NDP threshold for Quebec secession less than 50 per cent
NDP leader Tom Mulcair addresses party members at a national caucus strategy session ahead of the upcoming Parliamentary session Friday January 18, 2013 in Ottawa. (THE CANADIAN PRESS / Adrian Wyld)
Published Wednesday, January 30, 2013 5:55PM EST
Last Updated Wednesday, January 30, 2013 7:09PM EST
OTTAWA -- Fewer than half of eligible Quebec voters could end up triggering the breakup of the country if the NDP's proposed rules for another independence referendum were to be adopted.
The party has drawn some heavy criticism for its proposed "unity bill," which stipulates that a bare majority of 50 per cent plus one vote would be sufficient to prompt negotiations on Quebec secession.
But the threshold is actually lower than that due to the NDP's deliberate decision not to take into account voter turnout.
Toronto MP Craig Scott, author of the NDP bill, said Wednesday that 50-plus-one would apply regardless of how many Quebecers actually turned out to cast ballots.
He doubted voter turnout on such a momentous question as Quebec's future would be a problem, noting that a record 94 per cent of Quebecers cast ballots in the 1995 referendum.
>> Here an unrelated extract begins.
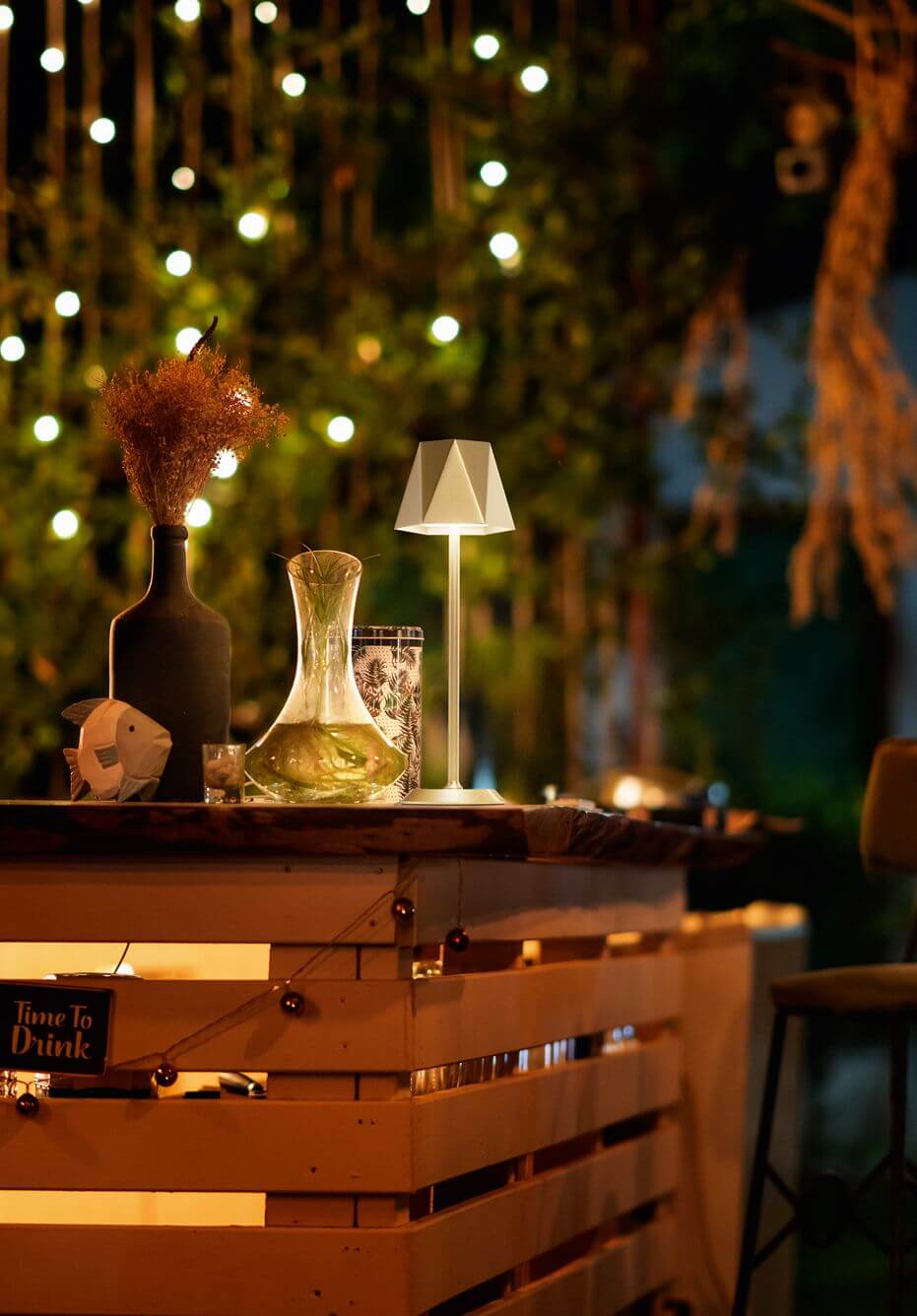 Lampe blanche allumée sur un bar en palettes, ambiance nocturne avec guirlande lumineuse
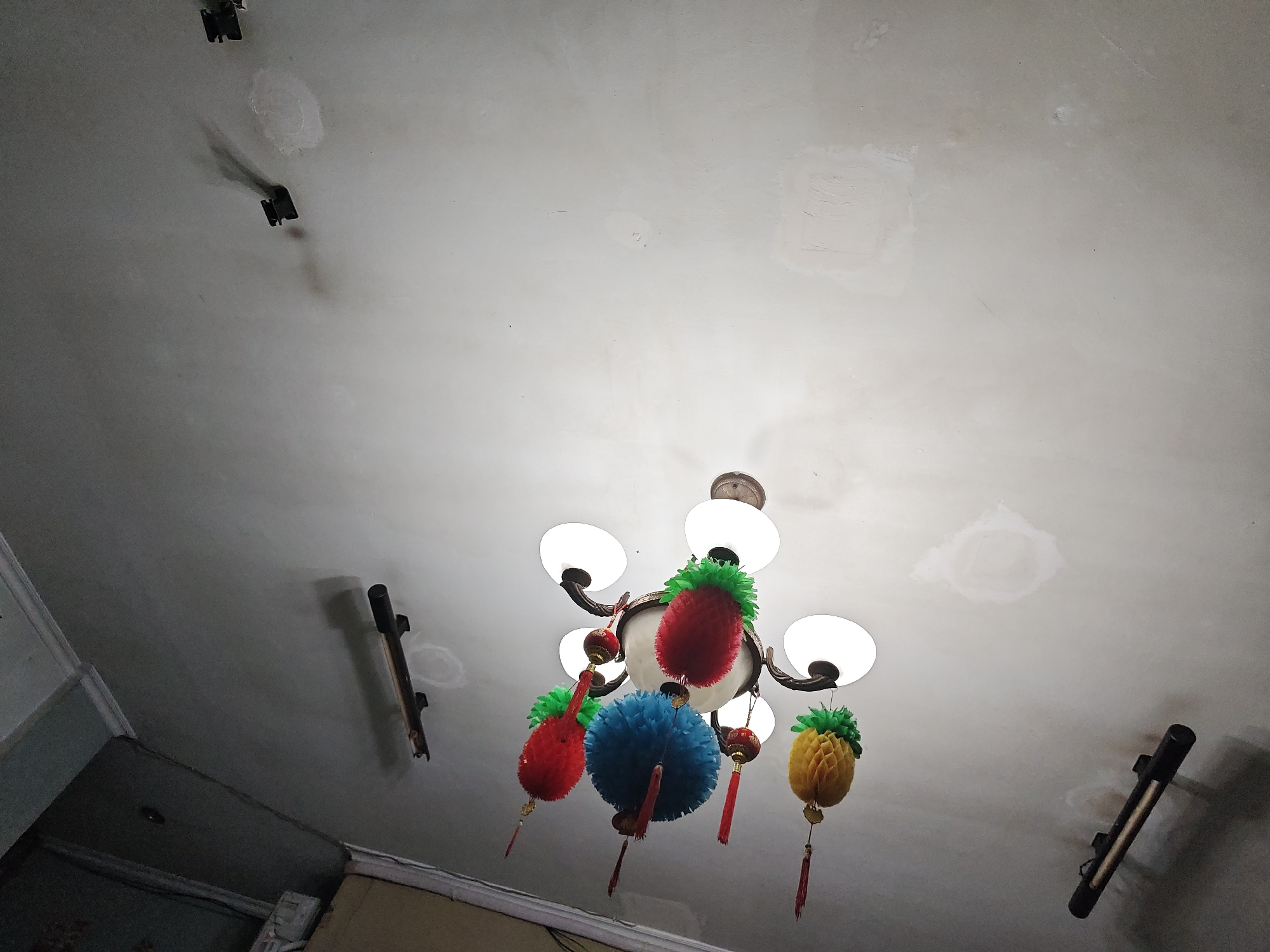 This is a low-angle, interior shot of a ceiling in North Jakarta, Indonesia. The ceiling is textured and shows signs of patching, with several circular and rectangular white patches visible. A chandelier with five white glass lamps hangs from the center. The chandelier has decorative elements shaped like pineapples in red, yellow, and blue, with green leafy tops and red tassels. Two dark, cylindrical objects with brackets are mounted on the ceiling on the left and right sides of the frame, casting shadows. The lighting appears to be artificial and uneven, with some areas of the ceiling brightly lit and others in shadow.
But even with 94 per cent turnout, a bare majority would translate into only 47 per cent of eligible voters determining the fate of the country.
The lower the turnout, the fewer Quebecers would be required to trigger divorce talks. For instance, a turnout of 85 per cent -- as occurred during the first Quebec independence referendum in 1980 -- would mean just 42 per cent of Quebecers could prompt secession negotiations.
The NDP's unity bill specifies that a bare majority Yes vote would be sufficient, provided that the referendum question is clear and that there were no "determinative irregularities" in the vote. It makes no mention of turnout.
The bill is intended to replace the Clarity Act, which stipulates that the federal government would only negotiate secession if a clear majority of Quebecers were to vote Yes on a clear question on independence.
The Clarity Act does not specify what would constitute a clear majority, leaving that to the House of Commons to decide after a referendum vote. It does say that MPs would have to take into account the size of the majority, voter turnout and any other relevant matters.
Interim Liberal leader Bob Rae said the NDP's decision to drop any reference to turnout is irresponsible.
"With voter abstention, with people either deciding not to vote or indicating that they want to voice their disapproval of the government by not voting, you could end up with a situation where 25 per cent of the people would be deciding the future of the province of Quebec," Rae said in an interview.
"The NDP is still pandering to the view that there's an easy solution to this and it's all about a formula called 50 per cent plus one. You don't govern a country on formulas, you don't govern a country on theories and they should know better."
Scott said he'd be "open to an amendment" if he saw evidence that turnout could be problem. But he doubted it would be necessary.
"We honestly believe because of the kind of turnout in a momentous referendum on a huge issue, you're going to have enough people there that it's those who can and do bother to turn out whose votes should count," he said in an interview.
"It's as simple as that."
For that reason, Scott said the party considered -- but ultimately rejected -- making the threshold a bare majority of eligible voters.
Scott's bill is a private member's bill which has little chance of coming to a vote any time soon. But he said it was a "team effort" that has the unanimous support of the caucus, including NDP Leader Tom Mulcair.
The bill is the latest iteration of the NDP's policy on national unity, building on the Sherbrooke Declaration, which helped the party sweep Quebec in the 2011 election, vaulting it into official Opposition status.
Rae said the bill opens "a terrible can of worms" in a bid to "paper over the cracks" in the NDP caucus.
He noted that the NDP voted in favour of the Chretien-era Clarity Act in 2000 but is now trying to mollify its 58 Quebec MPs, which make up more than half the NDP caucus.